# 56  Resonant Cavities and Schumann Resonances

## Resonant Cavities

### Rectangular Box

We won't spend long on resonant cavities, because we've already covered the necessary mathematical tools in discussing waveguides.

A simple example of a cavity is a box, a section (length $d$ ) of a rectangular wave guide with the two ends blocked off with flat sheets of conductor, perpendicular to the guide walls.  So the analysis in the transverse directions is identical to that above, but in the $z$ -direction we must replace plane waves with standing waves.
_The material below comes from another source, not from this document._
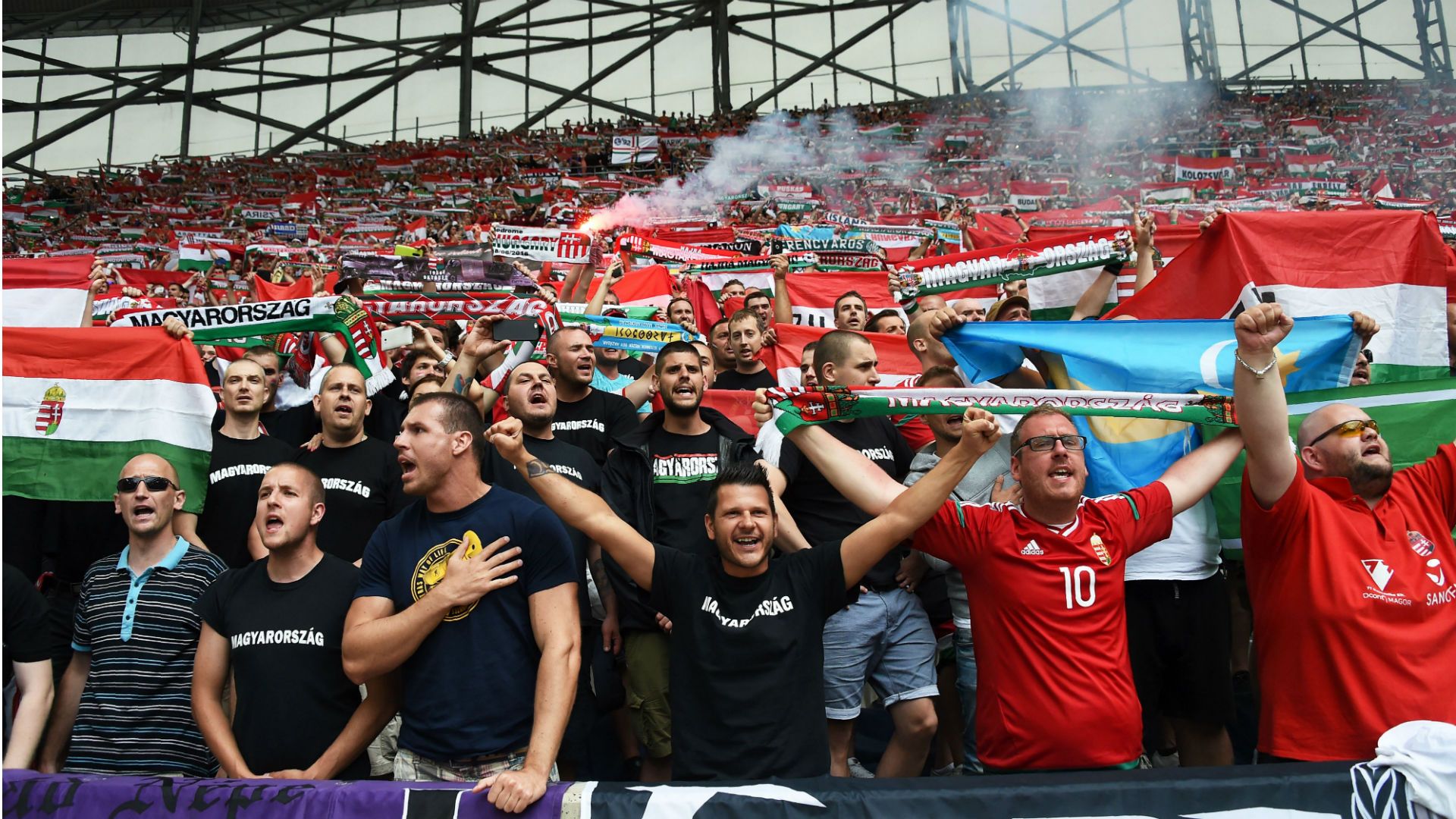 Hungary fans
The important new element is the boundary conditions at the ends: the tangential electric field and the normal magnetic field must both be zero.

### TM Mode

Recall we found for the waveguide that

${E}_{x}=\frac{i}{\mu \epsilon {\omega }^{2}-{k}^{2}}k\frac{\partial {E}_{z}}{\partial x},\text{ }\text{ }{E}_{y}=\frac{i}{\mu \epsilon {\omega }^{2}-{k}^{2}}k\frac{\partial {E}_{z}}{\partial y}$

but the $ik$ factor came from applying $\partial /\partial z$ to a plane wave!

For the cavity we must have a standing wave in the $z$ -direction, the wavenumber $k$ becomes $p\pi /d,$ and of course sine goes to cosine, etc.

Exercise:  Check this from the derivation in lecture 54.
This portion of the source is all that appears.